= State-sponsored bodies of the Republic of Ireland =

A State-Sponsored Body is the name given in Ireland to a state-owned enterprise (a government-owned corporation), that is to say, a commercial business which is beneficially owned, either completely or majority, by the Irish Government. Each state-sponsored body has a sponsor Minister who acts as shareholder, either independently, or in conjunction with the Minister for Finance, who may also be a shareholder. State-sponsored bodies are often popularly called semi-state companies, a misnomer, since they are all (mostly) fully owned by the state, in addition not all of them are actually companies.
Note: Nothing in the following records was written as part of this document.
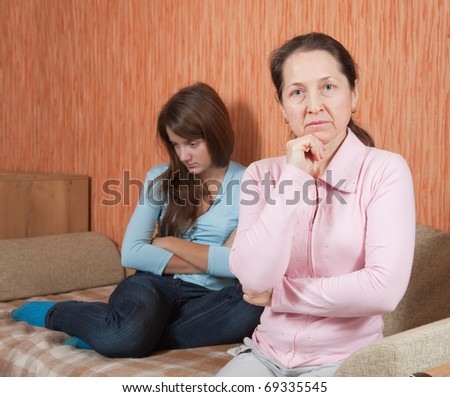 Mother and teen daughter having quarrel at home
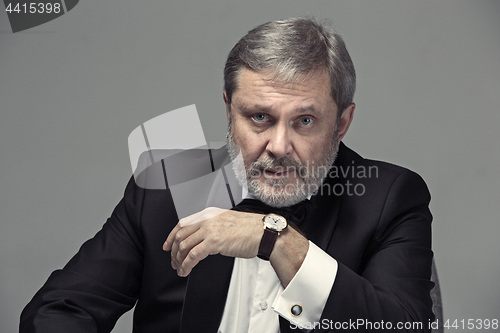 Image of Senior Businessman sitting in chair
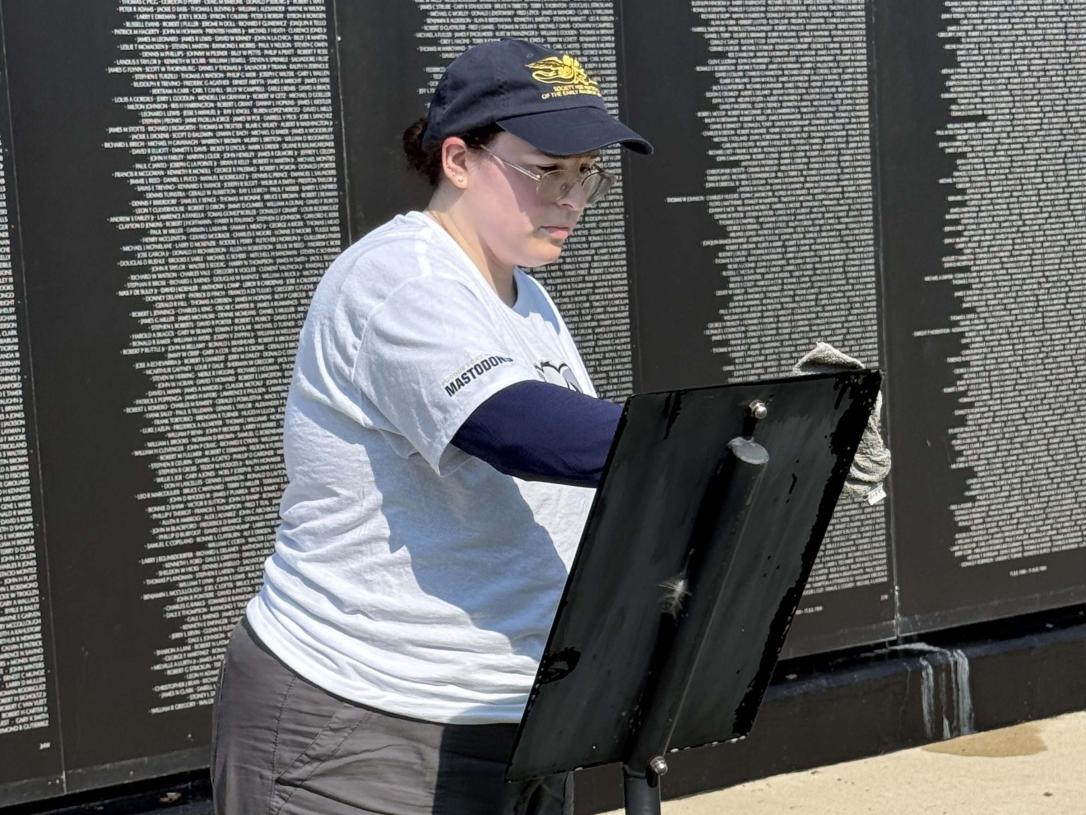 A volunteer is cleaning a plaque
==Statutory corporations==
State-sponsored bodies may be organised as statutory corporations, meaning that they are officially non-profit and do not formally have shareholders, but have a board or other authority appointed by the sponsor Minister. Corporations of this type include:

- Córas Iompair Éireann (Irish Transport Company)
- Electricity Supply Board
- Raidió Teilifís Éireann (Radio and Television of Ireland)
- Voluntary Health Insurance Board (Vhi Healthcare)
- Horse Racing Ireland
- Teilifís na Gaeilge
- Bord Bia (Food Board)
- IDA Ireland (Industrial Development Authority)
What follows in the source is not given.